Makoto Bannai, PhD, Institute of Life Sciences, Ajinomoto Co., Inc., 1-1 Suzuki-cho, Kawasaki-ku, Kawasaki-shi, Kanagawa 210-8681, Japan. Email: firstname.lastname@example.org
Aim: Glycine, one of the non-essential amino acids, has been reported to be effective in reducing negative symptoms of schizophrenia. Recently, we found that glycine improves subjective sleep quality in humans. The aim of this study was to investigate the effects of oral glycine administration on endogenous 5-hydroxytryptamine (5-HT) and dopamine in the prefrontal cortex (PFC) of living rats.
Methods: Microdialysis probes were inserted stereotaxically into the rat prefrontal cortex. Cortical levels of 5-HT and dopamine were measured following oral administration of 1 or 2 g/kg glycine, 2 g/kg d-serine, or 2 g/kg L-serine.
Results: Both glycine and d-serine significantly increased extracellular 5-HT levels for 10 min, whereas dopamine levels remained unchanged. L-serine, in contrast, had no significant effects on 5-HT levels.
Conclusions: It is possible that the increase in 5-HT in response to glycine and d-serine was mediated by N-methyl-D-aspartate receptors. The transient increase in 5-HT in the PFC might be associated with the alleviation of negative symptoms in patients with schizophrenia and the amelioration of sleep quality in patients with insomnia.

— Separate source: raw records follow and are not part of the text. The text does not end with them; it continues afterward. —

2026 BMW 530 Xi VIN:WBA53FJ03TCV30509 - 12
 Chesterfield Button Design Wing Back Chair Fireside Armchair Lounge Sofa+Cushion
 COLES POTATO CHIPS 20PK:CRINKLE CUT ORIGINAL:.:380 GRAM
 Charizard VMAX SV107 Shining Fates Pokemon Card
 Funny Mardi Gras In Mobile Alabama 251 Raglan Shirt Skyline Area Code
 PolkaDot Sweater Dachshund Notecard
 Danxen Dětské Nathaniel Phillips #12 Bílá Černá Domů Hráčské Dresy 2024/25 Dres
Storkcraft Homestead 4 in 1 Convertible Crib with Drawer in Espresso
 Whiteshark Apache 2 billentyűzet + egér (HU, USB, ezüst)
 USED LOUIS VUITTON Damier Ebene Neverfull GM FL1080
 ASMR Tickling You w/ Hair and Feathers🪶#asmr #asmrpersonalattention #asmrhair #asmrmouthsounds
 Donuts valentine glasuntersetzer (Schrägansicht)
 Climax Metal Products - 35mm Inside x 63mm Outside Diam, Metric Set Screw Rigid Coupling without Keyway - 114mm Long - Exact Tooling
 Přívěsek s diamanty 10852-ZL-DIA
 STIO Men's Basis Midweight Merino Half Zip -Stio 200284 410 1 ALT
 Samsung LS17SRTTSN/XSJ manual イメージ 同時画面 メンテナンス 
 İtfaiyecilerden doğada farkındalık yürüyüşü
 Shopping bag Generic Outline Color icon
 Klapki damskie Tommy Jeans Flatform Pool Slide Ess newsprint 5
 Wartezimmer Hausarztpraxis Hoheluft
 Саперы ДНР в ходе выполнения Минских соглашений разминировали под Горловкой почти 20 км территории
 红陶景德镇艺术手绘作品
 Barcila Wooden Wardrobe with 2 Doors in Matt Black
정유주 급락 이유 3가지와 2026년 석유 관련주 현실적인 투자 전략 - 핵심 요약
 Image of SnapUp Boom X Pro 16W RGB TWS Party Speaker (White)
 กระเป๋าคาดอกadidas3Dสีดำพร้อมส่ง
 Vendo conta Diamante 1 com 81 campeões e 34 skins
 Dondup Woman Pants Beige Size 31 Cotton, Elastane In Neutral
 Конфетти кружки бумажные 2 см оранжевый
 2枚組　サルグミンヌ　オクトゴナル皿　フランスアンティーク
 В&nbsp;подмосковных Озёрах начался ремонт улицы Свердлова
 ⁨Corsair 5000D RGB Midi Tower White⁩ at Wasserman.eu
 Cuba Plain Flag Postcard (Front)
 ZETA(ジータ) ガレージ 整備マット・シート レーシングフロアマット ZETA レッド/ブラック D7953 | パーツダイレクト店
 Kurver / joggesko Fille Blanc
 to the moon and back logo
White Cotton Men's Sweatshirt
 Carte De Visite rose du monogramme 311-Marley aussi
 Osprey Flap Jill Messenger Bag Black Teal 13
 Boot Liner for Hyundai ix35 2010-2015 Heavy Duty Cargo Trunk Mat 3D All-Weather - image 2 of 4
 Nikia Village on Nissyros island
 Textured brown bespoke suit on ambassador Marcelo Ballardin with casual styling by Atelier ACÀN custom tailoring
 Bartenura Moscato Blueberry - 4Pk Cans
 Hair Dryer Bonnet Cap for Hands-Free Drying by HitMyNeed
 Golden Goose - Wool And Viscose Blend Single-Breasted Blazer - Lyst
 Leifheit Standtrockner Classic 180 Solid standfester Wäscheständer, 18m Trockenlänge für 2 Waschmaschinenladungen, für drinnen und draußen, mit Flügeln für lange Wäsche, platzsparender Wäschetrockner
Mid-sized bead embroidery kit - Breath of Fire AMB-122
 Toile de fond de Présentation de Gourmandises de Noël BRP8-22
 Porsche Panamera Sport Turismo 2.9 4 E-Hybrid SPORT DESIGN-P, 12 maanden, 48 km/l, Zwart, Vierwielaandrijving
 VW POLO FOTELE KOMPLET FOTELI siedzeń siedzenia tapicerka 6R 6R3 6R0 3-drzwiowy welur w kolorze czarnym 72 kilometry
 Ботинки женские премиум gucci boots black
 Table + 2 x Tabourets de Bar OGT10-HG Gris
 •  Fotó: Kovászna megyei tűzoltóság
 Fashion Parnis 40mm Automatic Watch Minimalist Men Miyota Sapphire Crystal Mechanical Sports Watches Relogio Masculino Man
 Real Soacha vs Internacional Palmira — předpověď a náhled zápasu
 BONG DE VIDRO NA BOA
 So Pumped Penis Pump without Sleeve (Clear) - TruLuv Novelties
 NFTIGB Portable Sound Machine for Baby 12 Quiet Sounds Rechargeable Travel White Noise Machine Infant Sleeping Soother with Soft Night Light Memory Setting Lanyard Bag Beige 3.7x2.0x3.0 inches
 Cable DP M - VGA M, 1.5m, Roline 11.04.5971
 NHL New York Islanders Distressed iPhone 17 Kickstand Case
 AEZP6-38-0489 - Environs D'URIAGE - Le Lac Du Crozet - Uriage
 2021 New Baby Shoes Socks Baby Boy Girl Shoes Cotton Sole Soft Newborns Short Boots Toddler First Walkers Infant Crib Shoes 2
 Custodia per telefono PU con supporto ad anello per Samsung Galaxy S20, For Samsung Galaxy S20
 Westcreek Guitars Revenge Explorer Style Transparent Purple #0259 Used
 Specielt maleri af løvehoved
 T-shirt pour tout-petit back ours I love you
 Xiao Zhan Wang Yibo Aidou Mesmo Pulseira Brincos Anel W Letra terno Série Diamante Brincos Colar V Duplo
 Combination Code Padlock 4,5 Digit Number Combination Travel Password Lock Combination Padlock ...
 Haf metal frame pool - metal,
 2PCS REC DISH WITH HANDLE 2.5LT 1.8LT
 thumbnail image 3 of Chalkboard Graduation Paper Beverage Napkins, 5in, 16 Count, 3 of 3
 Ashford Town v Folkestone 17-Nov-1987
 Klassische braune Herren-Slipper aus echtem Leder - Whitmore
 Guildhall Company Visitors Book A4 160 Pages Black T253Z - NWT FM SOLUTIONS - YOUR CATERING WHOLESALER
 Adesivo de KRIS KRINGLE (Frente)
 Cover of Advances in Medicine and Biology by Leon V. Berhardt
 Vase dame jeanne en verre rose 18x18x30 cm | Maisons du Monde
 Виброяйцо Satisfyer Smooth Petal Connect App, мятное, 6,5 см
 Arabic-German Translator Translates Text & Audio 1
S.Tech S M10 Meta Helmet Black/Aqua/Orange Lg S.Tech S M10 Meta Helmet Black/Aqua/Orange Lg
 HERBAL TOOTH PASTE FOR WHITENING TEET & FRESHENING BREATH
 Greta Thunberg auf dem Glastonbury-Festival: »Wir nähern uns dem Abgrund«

GLYCINE, ONE OF the non-essential amino acids, functions as an inhibitory neurotransmitter in the central nervous system, especially in the spinal cord and brain stem. When ionotropic glycine receptors are activated, chloride enters the neuron, which causes an inhibitory postsynaptic potential. In contrast to its inhibitory role in the spinal cord, glycine acts as a co-agonist for channel opening of the N-methyl-D-aspartate (NMDA) subtype of ionotropic glutamate receptors, which are excitatory.1,2
We recently reported that oral administration of glycine improves sleep quality in humans, correlating with polysomnographic changes.3,4 Darracq et al.5 reported that glycine may tonically inhibit noradrenergic locus coeruleus neurons throughout the sleep–wake cycle. Not only the noradrenergic systems but also the serotonergic and dopaminergic systems have been implicated in the regulation of the sleep–wake cycle.6 However, the inhibitory or excitatory effects of oral administration of glycine on serotonergic and dopaminergic systems in the brain remain unknown.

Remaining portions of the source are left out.